Minister of Education and Technical and Vocational Training, the Hon. Glenys Hanna Martin led debate in the House Of Assembly on a compendium of bills aimed at overhauling the education system on Wednesday.
While speaking on the Education Bill, 2026 Hanna Martin explained, “this legislation raises up education to the highest pinnacle in our quest for human advance undergirded by progressive policy and a targeted administrative regime to procure desired outcomes for the Bahamian child. This is not symbolic language. It is a legal and moral declaration that every child regardless of background, ability, location or circumstance is entitled to education.”

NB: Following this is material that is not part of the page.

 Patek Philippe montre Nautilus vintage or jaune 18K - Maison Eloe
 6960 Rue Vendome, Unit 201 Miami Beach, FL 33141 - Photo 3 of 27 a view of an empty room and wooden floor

The new regime will see the mandatory school start age lowered from five to four. Hanna Martin said, “this provision recognizes what educators, parents and researchers have long known, the early years are critical. Learning gaps formed early are difficult to reverse. Early investment delivers lifelong benefits. By making pre-primary education compulsory this bill confirms that early childhood education is not optional. It ensures that all children enter primary school with foundational skills in language, early numeracy, social development, learning readiness.”
According to the education minister the education bill establishes that education in the country will no longer be defined by seat time, attendance and physical location. She said, “instead it is defined by what students are expected to know, understand and by able to do at each stage of their education.

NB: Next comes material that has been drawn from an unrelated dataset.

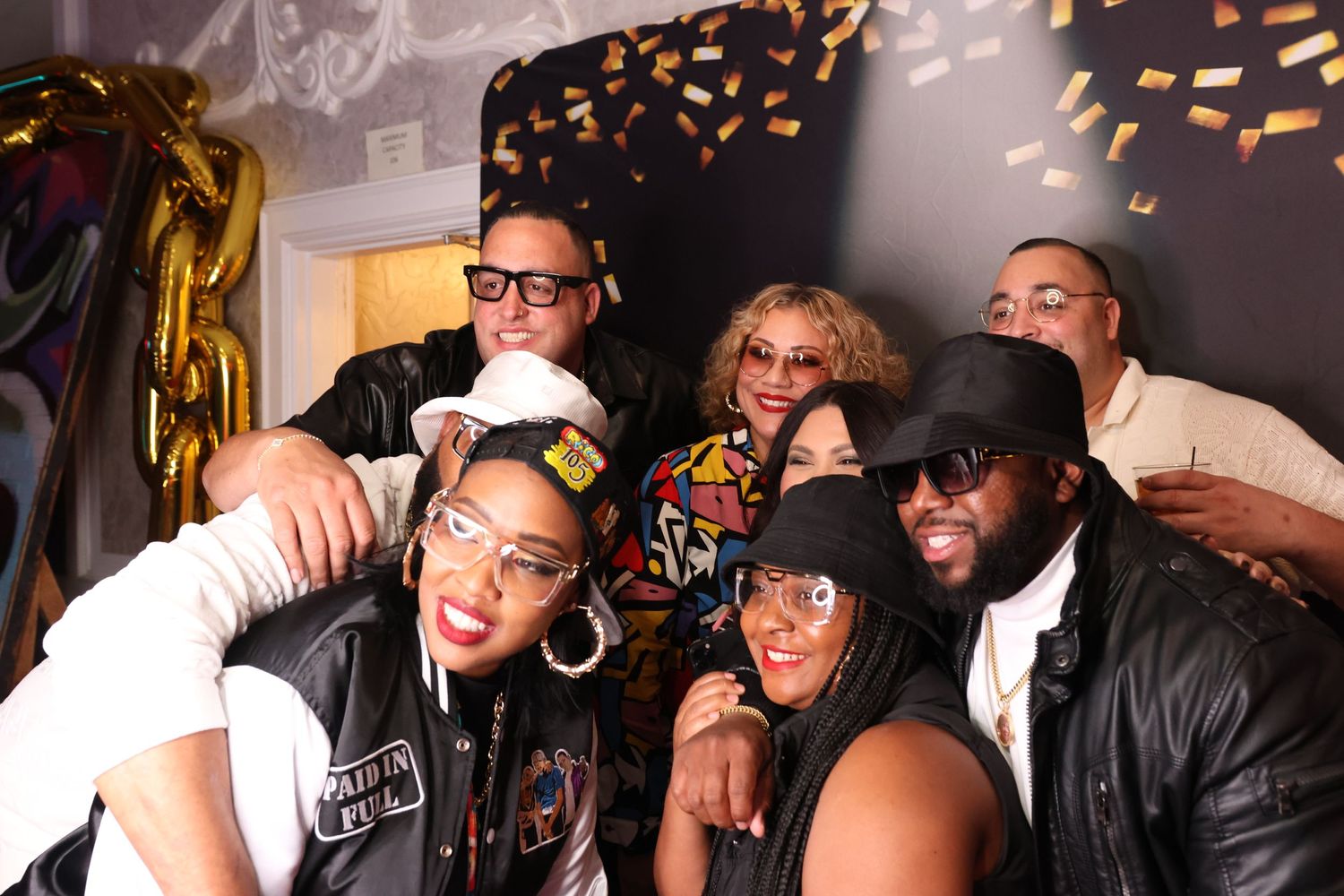 Group of friends having fun and posing together in a photo booth with party decorations.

The bill also legally regulates homeschooling parents. Parents would be allowed to teach their children at home but must register, meet minimum standards and show that learning is happening. The minister said, “the framework protects children’s right to an education, supports parents those clarity rather than uncertainty, brings home education into the national education family. This is about partnership not punishment and about ensuring every child’s education counts.”
The Early Childhood Care Commission Bill, 2026 and the National Youth Commission Bill, 2026 are also being debated as part of the compendium of bills.